**Task description**
Give again, word for word, each line below starting at the one that contains "Как правильно приготовить" and ending at the one that contains "رئيس الوزراء يشهد".

════

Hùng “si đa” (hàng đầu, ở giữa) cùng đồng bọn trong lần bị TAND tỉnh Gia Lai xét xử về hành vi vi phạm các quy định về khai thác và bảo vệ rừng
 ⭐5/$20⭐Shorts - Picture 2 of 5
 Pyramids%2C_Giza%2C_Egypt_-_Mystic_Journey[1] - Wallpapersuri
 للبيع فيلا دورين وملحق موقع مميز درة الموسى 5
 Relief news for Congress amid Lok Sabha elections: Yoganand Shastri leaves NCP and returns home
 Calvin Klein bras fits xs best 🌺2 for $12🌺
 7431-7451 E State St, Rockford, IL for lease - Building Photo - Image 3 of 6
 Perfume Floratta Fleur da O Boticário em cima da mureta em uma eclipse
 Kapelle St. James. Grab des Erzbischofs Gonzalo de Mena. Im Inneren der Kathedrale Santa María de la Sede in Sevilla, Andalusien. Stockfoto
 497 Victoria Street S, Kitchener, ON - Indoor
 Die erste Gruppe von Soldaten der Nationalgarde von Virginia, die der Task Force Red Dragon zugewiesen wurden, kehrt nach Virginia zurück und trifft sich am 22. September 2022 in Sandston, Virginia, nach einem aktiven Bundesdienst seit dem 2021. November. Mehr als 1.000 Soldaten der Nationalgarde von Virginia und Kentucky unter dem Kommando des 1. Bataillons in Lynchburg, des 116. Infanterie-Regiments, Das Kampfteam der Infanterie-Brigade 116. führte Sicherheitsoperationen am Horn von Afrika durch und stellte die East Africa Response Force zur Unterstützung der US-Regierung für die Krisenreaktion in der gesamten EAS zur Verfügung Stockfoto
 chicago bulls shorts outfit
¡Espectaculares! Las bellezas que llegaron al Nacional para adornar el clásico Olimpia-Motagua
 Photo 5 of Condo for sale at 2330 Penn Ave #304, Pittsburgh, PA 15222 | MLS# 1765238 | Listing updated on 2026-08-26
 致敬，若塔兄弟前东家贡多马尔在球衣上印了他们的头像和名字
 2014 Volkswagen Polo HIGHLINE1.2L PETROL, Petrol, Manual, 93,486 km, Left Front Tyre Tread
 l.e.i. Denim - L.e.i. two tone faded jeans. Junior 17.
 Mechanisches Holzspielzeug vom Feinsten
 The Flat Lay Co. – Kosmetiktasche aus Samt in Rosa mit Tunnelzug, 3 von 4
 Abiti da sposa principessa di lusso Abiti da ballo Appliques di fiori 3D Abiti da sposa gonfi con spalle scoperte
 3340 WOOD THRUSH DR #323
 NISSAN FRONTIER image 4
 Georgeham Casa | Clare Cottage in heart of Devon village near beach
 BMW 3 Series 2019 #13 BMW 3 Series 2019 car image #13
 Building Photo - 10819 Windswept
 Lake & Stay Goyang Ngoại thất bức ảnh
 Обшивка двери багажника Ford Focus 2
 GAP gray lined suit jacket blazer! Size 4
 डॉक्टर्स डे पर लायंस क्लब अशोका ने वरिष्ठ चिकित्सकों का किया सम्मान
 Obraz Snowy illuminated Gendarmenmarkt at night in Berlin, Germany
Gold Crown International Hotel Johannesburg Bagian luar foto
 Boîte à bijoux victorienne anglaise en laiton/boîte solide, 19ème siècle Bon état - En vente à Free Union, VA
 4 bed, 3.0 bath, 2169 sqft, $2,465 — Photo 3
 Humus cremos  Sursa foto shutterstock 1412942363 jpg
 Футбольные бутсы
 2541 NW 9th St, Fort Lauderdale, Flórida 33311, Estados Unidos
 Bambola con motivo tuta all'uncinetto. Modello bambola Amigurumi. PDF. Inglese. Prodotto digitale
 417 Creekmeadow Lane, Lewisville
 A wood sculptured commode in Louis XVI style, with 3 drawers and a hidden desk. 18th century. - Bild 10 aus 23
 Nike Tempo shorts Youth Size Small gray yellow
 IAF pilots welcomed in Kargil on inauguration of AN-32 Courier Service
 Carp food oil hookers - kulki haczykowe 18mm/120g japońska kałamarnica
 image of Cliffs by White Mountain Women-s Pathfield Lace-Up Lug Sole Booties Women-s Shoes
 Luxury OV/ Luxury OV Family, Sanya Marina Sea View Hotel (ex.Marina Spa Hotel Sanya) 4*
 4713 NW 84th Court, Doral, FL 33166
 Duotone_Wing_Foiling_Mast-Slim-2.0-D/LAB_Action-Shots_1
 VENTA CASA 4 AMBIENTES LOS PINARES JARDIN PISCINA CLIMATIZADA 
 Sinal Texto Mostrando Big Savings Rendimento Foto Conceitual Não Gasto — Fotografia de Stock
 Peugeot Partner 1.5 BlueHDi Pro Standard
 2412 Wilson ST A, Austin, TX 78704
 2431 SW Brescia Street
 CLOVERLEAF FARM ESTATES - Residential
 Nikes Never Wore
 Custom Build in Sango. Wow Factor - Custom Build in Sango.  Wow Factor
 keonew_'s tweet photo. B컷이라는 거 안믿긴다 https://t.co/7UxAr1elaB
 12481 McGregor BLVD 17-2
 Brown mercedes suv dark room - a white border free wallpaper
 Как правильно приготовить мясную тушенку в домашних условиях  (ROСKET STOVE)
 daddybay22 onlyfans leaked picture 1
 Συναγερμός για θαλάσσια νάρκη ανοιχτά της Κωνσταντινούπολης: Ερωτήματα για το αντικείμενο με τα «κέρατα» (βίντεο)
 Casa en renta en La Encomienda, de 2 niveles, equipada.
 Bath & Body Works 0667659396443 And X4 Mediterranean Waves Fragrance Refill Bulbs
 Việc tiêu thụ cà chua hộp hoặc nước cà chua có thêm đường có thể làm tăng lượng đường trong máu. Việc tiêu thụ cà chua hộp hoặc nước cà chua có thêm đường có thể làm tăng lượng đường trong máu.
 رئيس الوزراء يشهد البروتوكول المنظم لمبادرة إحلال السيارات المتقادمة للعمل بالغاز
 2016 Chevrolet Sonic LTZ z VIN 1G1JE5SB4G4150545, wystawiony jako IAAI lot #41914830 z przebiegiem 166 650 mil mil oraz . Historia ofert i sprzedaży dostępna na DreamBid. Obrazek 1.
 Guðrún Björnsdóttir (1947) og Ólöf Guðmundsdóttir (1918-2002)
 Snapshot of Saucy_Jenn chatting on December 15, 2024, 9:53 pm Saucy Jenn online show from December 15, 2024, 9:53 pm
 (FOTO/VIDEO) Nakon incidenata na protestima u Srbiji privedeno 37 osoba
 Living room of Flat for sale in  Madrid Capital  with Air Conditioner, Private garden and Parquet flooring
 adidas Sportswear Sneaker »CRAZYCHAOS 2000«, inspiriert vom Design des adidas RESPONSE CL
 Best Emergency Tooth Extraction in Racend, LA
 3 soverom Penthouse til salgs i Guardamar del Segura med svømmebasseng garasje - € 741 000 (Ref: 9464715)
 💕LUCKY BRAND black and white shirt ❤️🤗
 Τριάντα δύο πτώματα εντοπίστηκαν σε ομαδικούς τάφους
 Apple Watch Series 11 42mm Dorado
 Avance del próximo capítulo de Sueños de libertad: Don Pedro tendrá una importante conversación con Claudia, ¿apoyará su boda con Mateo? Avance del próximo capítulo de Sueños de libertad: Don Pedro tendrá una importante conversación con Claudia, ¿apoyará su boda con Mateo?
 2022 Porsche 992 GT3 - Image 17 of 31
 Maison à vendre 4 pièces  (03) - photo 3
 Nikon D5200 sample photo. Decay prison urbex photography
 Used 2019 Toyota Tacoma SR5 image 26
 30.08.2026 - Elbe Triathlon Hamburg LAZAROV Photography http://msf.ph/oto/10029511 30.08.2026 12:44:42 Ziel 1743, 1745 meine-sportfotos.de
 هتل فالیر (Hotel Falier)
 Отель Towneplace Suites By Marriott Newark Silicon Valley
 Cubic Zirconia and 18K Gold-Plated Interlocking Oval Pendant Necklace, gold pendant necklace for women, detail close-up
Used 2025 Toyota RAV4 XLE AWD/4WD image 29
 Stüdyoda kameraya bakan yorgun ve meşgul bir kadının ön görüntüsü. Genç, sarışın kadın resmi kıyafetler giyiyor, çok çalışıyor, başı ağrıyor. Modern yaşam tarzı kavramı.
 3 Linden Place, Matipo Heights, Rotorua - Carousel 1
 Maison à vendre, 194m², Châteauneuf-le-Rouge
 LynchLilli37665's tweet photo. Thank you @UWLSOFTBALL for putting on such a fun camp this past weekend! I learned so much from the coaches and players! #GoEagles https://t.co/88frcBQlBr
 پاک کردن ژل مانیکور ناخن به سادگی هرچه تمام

════

**Result below**
 Как правильно приготовить мясную тушенку в домашних условиях  (ROСKET STOVE)
 daddybay22 onlyfans leaked picture 1
 Συναγερμός για θαλάσσια νάρκη ανοιχτά της Κωνσταντινούπολης: Ερωτήματα για το αντικείμενο με τα «κέρατα» (βίντεο)
 Casa en renta en La Encomienda, de 2 niveles, equipada.
 Bath & Body Works 0667659396443 And X4 Mediterranean Waves Fragrance Refill Bulbs
 Việc tiêu thụ cà chua hộp hoặc nước cà chua có thêm đường có thể làm tăng lượng đường trong máu. Việc tiêu thụ cà chua hộp hoặc nước cà chua có thêm đường có thể làm tăng lượng đường trong máu.
 رئيس الوزراء يشهد البروتوكول المنظم لمبادرة إحلال السيارات المتقادمة للعمل بالغاز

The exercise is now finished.